Les multinationales du domaine de
la fracturation hydraulique « ont
injecté dans le sous-sol de 19 États
plus de 30 millions de gallons de
carburant diesel ou de liquide en
contenant » avant que l’EPA
publie en 2004 un rapport indiquant
que « l’utilisation de carburant
diesel dans les liquides servant à
la fracturation hydraulique
représentait la principale menace
des nappes phréatiques », dans
la mesure où il contient des
substances toxiques, dont les BTEX.
Dans le même laps de temps, les
multinationales ont utilisé « 595
produits contenant 24 polluants
atmosphériques différents, et
notamment le fluorure d’hydrogène,
le plomb et le méthanol ».
Le
fluorure d’hydrogène est « extrêmement
corrosif et il s’agit d’un poison
systémique » potentiellement
mortel.
Le
plomb est un métal lourd « particulièrement
nuisible au développement
neurologique des enfants » et
qui, en outre, « peut causer des
problèmes de santé chez les adultes,
comme des dérèglements du système
reproducteur, de l’hypertension et
des troubles nerveux ».
Le
méthanol est un polluant
atmosphérique toxique « présent
très souvent dans les produits de la
fracturation hydraulique ».
Ainsi, le fait que « diverses
substances chimiques présentes dans
les liquides de la fracturation
hydraulique utilisés par les
entreprises » aient été
considérées comme des « secrets
commerciaux » ou des « produits
exclusifs » est tout simplement
une aberration.
Bien sûr, la commission en
question a demandé aux
multinationales du domaine de la
fracturation hydraulique de lui
divulguer la composition de ses
produits pour s’informer sur « les
secrets commerciaux et les produits
exclusifs » utilisés, mais elles
ont puérilement déclaré être dans
l’impossibilité de le faire « faute
de ne pas connaître la composition
des produits pour les avoir achetés
tels quels aux fournisseurs ».
Ça se passe de commentaires !
Les membres de la commission en
ont conclu qu’il « semble que les
entreprises du domaine de la
fracturation hydraulique injectent
de liquides qui contiennent des
substances chimiques inconnues et
qu’il leur est difficile de
connaître les risques que ces
substances présentent pour la santé
humaine et l’environnement ».
Ces entreprises jouiraient-elles,
par hasard, d’un passe-droit
néolibéral texan ?
Paradoxalement, le dérangeant
rapport se révèle plein
d’enseignements pour des apprentis
sorciers comme les partisans du «
Mexique néolibéral d’obédience
itamiste » qui croient au mirage
de la pseudo « révolution
énergétique du XXIe siècle »
construit sur la très controversée
exploitation du gaz de schiste —à
mon sens, une vulgaire bulle
financière créée de toutes pièces
par Wall Street— qui porte atteinte
à l’intégrité de la biosphère,
l’espace où cohabitent l’ensemble
des êtres vivants de la planète.
Jusqu’ici, tout pays soucieux de
la santé de ses citoyens aurait
décrété un moratoire sur la
fracturation hydraulique en
attendant de déterminer si le jeu en
vaut la chandelle.

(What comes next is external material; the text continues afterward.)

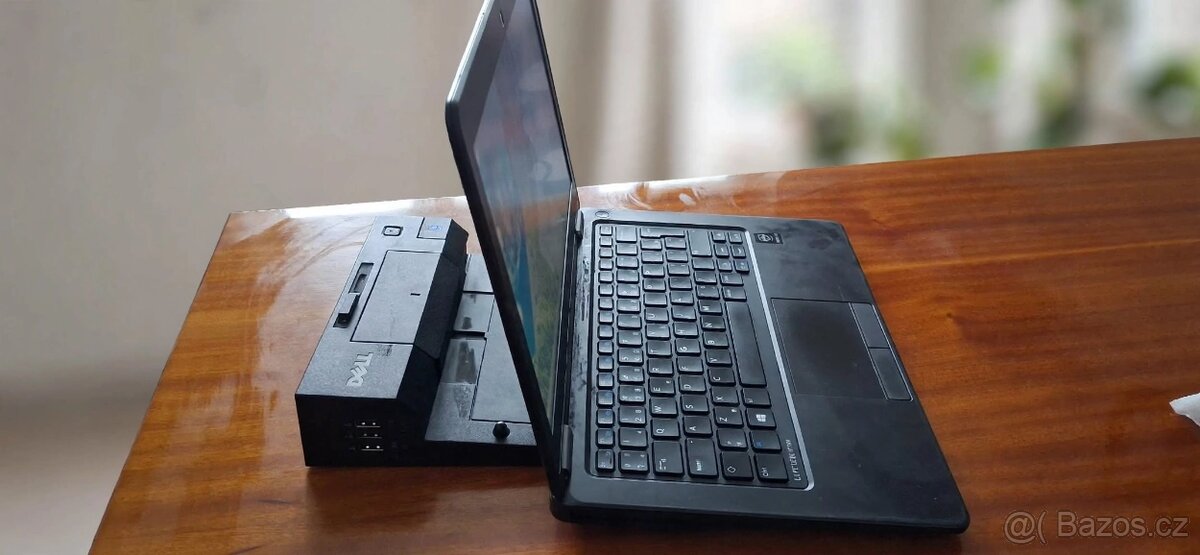 Dell Latitude E7250 + dokovací stanici - 2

En bioéthique,
cette façon de faire est légitimée
au nom du « principe de
précaution ».
Traduction
Arnaud Bréart
Source
La Jornada (México)
Document
joint:
"Chemicals used in hydraulic fracturing",
Report by US House of Representatives
Committee on Energy and Commerce
Minority Staff, April 2011
(PDF - 161.2 ko)
[1]
La livraison de mai/juin 2014 de
Foreign Affairs comporte un dossier
sur ce sujet : « Power to the People.
What Will Fuel the Future ? », par
Gideon Rose et Jonathan Tepperman ; « Welcome
to the Revolution. Why Shale Is the Next
Shale », par Edward L. Morse ; « The
United States of Gas. Why the Shale
Revolution Could Have Happened Only in
America », par Robert A. Hefner III ; « Don’t
Just Drill, Baby - Drill Carefully. How
to Making Fracking Safer for the
Environment », par Fred Krupp.
[2]
L’Instituto Tecnológico Autónomo de
México (ou Itam) est la plus
prestigieuse unité privée d’Amérique
latine. Elle fournit l’essentiel des
diplomates mexicains et une grande
partie des élites économiques. Son
influence au Mexique est comparable à
celle de l’École nationale
d’administration (Éna) en France.
Alfredo Jalife-Rahme
Professeur de Sciences politiques et
sociales à l’Université nationale
autonome du Mexique (UNAM). Il publie
des chroniques de politique
internationale dans le quotidien La
Jornada et l’hebdomadaire
Contralínea. Dernier ouvrage
publié : El Hibrido Mundo Multipolar :
un Enfoque Multidimensional (Orfila,
2010).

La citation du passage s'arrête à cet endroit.